Ich halte es für ungerecht und bloße Spekulation, Thabiso Sekgala oder irgendeine andere Person, die aufgrund eines Selbstmordes stirbt, mit Depression und Frustration in Verbindung zu bringen. Für einige, die Thabiso nahe standen, ist es bedauerlich, dass sein Tod der Ausgangspunkt vieler Gespräche geworden ist, in denen Vermutungen angestellt und spekuliert wird, warum dies geschehen sein könnte. Tatsächlich wissen wir es nicht und werden es nie wissen, doch ist es wohl wahr, dass in diesem Fall der Journalist und das Medienhaus boulevardartige Schlagzeilen machen wollten und eine sensationsheischende Titelzeile wählten, die sowohl Thabiso Sekgala als auch uns alle vollkommen missachtet. Die Überschrift „Frustrierter Schwarzer Künstler“ kommt äußerst abwertend und rassistisch daher. Es ist wiederum bedauerlich, dass die Medien und die Menschen Schwarzsein und das Wort ‚Schwarz‘ unbewusst mit negativen Konnotationen belegen.

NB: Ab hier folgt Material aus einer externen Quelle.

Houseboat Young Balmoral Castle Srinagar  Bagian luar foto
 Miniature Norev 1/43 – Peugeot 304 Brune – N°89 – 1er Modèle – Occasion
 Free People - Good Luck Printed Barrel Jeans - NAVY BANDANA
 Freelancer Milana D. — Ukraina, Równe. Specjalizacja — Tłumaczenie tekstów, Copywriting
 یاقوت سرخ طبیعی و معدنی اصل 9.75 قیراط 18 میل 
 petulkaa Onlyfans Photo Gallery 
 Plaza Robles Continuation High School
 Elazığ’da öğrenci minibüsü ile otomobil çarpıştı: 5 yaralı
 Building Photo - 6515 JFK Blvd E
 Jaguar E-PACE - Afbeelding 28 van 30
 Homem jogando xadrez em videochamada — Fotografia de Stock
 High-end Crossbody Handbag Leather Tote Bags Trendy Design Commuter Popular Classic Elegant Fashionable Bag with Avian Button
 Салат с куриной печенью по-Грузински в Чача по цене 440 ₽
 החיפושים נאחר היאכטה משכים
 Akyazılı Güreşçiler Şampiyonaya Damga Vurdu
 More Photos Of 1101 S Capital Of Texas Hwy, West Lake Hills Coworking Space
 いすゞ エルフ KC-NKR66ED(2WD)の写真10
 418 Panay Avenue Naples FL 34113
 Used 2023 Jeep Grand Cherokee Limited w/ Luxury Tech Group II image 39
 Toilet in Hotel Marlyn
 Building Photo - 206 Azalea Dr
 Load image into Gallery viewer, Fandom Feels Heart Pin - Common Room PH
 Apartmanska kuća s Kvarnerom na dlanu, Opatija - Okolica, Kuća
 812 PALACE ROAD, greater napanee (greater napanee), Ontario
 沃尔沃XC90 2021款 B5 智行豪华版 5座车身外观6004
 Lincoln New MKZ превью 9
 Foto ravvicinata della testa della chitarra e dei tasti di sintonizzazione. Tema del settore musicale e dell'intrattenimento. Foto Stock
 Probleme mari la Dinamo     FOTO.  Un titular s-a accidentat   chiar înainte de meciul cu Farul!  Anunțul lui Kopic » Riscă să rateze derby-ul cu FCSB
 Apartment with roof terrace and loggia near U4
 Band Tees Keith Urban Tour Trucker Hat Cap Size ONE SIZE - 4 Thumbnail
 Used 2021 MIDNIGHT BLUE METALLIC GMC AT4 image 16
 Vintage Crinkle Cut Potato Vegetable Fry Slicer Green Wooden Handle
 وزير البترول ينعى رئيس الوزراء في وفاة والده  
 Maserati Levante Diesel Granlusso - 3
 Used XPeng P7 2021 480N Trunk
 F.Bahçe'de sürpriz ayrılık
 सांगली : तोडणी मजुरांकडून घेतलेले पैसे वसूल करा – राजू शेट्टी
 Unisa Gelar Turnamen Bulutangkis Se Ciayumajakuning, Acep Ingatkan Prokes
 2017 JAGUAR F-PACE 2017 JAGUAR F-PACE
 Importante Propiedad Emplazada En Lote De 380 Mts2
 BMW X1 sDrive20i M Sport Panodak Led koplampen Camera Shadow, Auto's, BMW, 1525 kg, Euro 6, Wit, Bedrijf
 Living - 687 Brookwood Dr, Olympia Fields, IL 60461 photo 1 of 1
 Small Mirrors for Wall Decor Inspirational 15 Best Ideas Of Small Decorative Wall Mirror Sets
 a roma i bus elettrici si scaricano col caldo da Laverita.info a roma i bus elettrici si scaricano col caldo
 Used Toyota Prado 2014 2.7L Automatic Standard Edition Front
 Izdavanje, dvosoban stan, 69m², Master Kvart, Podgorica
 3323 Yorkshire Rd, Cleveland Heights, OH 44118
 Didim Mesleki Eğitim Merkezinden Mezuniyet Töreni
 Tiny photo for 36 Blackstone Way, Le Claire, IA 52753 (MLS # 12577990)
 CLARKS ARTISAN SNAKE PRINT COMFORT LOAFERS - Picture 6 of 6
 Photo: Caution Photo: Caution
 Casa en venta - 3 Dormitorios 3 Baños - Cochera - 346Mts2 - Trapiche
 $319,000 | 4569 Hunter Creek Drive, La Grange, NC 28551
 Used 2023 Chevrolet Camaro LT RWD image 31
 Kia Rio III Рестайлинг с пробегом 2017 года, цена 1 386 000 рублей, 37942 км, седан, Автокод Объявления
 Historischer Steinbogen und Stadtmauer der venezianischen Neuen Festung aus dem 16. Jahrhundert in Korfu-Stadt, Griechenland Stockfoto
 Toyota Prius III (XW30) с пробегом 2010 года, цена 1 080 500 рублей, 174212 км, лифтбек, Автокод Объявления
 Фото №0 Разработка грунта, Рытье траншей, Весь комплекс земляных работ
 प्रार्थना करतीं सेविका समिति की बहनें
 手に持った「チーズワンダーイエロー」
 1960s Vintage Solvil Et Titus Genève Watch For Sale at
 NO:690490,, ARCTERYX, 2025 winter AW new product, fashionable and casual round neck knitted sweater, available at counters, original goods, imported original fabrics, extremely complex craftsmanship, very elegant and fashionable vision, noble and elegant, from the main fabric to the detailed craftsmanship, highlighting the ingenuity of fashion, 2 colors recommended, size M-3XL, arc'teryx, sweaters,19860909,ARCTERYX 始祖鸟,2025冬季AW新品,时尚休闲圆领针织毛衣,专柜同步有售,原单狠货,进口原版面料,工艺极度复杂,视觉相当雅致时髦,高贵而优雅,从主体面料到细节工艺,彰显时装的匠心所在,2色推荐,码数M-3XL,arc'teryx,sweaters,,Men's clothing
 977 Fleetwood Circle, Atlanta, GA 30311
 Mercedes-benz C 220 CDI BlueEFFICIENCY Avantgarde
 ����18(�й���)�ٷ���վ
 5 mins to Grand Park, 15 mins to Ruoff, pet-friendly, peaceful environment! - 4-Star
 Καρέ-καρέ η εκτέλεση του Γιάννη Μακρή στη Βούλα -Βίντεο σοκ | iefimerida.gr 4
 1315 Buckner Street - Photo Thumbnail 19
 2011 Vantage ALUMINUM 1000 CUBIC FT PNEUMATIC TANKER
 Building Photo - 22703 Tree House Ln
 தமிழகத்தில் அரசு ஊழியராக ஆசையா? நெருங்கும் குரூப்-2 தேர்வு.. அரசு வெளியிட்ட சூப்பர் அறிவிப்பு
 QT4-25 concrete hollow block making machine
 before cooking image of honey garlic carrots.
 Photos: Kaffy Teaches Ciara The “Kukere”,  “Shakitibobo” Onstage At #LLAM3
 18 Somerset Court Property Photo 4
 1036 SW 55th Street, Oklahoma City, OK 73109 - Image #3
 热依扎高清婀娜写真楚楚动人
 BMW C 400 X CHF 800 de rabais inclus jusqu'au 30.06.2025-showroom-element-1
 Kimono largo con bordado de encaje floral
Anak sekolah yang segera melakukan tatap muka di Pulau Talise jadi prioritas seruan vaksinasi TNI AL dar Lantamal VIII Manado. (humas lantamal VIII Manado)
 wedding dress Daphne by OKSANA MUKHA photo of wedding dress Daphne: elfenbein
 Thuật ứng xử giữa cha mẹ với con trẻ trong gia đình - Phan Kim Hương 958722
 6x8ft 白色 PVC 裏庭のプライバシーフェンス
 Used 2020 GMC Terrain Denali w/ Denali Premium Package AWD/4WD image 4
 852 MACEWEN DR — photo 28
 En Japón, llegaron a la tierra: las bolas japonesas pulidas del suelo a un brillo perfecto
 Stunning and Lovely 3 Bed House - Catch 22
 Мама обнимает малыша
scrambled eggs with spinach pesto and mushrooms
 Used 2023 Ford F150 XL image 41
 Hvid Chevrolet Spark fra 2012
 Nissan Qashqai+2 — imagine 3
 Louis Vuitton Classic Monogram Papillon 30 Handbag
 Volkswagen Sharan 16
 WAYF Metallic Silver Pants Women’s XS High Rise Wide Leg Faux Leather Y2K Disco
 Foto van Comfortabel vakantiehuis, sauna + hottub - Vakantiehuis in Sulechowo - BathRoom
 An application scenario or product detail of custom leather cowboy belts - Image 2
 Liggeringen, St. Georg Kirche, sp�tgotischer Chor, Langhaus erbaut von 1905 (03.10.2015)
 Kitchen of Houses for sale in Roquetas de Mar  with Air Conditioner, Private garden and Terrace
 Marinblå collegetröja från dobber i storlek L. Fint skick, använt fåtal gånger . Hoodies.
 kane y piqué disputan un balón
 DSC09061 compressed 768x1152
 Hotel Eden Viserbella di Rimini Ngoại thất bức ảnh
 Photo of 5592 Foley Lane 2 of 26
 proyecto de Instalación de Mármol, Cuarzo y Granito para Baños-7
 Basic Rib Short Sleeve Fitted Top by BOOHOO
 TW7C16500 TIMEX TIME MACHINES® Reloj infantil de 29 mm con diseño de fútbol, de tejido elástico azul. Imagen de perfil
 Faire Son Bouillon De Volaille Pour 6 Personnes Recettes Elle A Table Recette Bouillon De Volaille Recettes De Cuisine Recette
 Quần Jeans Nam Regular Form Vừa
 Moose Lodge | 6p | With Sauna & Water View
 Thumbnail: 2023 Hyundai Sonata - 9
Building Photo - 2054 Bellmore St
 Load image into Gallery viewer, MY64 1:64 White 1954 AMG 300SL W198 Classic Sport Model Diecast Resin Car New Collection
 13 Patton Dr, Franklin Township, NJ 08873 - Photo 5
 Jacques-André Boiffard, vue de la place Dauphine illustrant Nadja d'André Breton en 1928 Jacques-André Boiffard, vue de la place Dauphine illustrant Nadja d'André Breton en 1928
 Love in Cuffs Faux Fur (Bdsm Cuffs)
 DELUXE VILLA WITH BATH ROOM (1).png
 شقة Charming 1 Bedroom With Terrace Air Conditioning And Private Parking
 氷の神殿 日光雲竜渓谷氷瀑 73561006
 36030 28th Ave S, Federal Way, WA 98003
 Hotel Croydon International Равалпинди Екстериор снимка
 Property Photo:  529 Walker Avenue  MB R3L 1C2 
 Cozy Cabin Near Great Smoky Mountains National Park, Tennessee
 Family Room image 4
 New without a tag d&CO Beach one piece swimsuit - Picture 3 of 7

Es scheint so als müssten in der Künstlergemeinschaft Südafrikas noch viele Gespräche geführt werden. Möglicherweise gibt es bei den Schwarzen KünstlerInnen eine gewisse Unzufriedenheit bezüglich des Marktes und eines gleichberechtigten Zugangs zu systematischer Unterstützung im Vergleich zu ihren weißen KollegInnen? Das könnte die Fortführung der Rede des südafrikanischen Befreiungskampfes für die Stärkung und Gleichberechtigung der Schwarzen und gegen Apartheid sein. „Apartheid, weiß, schwarz” als Beiworte sind noch immer frisch und gleichbedeutend mit der Politik der Einteilung nach dem Was und dem Warum in Südafrika. Diese Beinamen „Schwarz und weiß“ mit ihren „falschen Konnotationen uns Assoziationen“ wurden während der Apartheid und auch während des Kolonialismus verwendet, um das Positive und das Negative von allem zu bestimmen: Macht, Erfolg, Misserfolg, Bildung und Armut. Vielleicht ist das der Grund für den unnötigen Hang der Medien und Journalisten, die Worte „Frustrierter Schwarzer Künstler“ in Zusammenhang mit Thabiso Sekgala zu verwenden, als wäre die Titelzeile „Fotograf stirbt“ nicht passend gewesen. Es ist doch sehr bedauerlich, dass es in jeder Gesellschaft die Tendenz gibt, auf Beinamen, Bezeichnungen und Worte zurückzugreifen und sich darauf zu stützen, die auf die schwersten und schmerzhaftesten Abschnitte ihrer Geschichte verweisen, weil sie eine stärkere Wirkung haben, obwohl die Menschen gleichzeitig versuchen, ihre Geschichte zu vergessen und davon zu heilen.

Es wäre ungerecht und falsch zu behaupten, Schwarze KünstlerInnen in Südafrika werden im Gegensatz zu ihren weißen KollegInnen ungerecht und würdelos behandelt. Doch es bleibt eine Tatsache, dass Südafrika noch immer darum ringt, sich von der Schwarz-weiß-Politik zu befreien: einer Politik, die lange von der Apartheid etabliert wurde. Wie bei solchen Prozessen üblich, wird sich dies als ein langer Prozess erweisen.

 

Mthabisi Phili lebt in Bulawayo, Simbabwe, und ist der Kurator und Gründer von Voices in Colour, einer kreativen Plattform für Künstler. Phili ist auch ein Mitglied von Independent Curators International (ICI).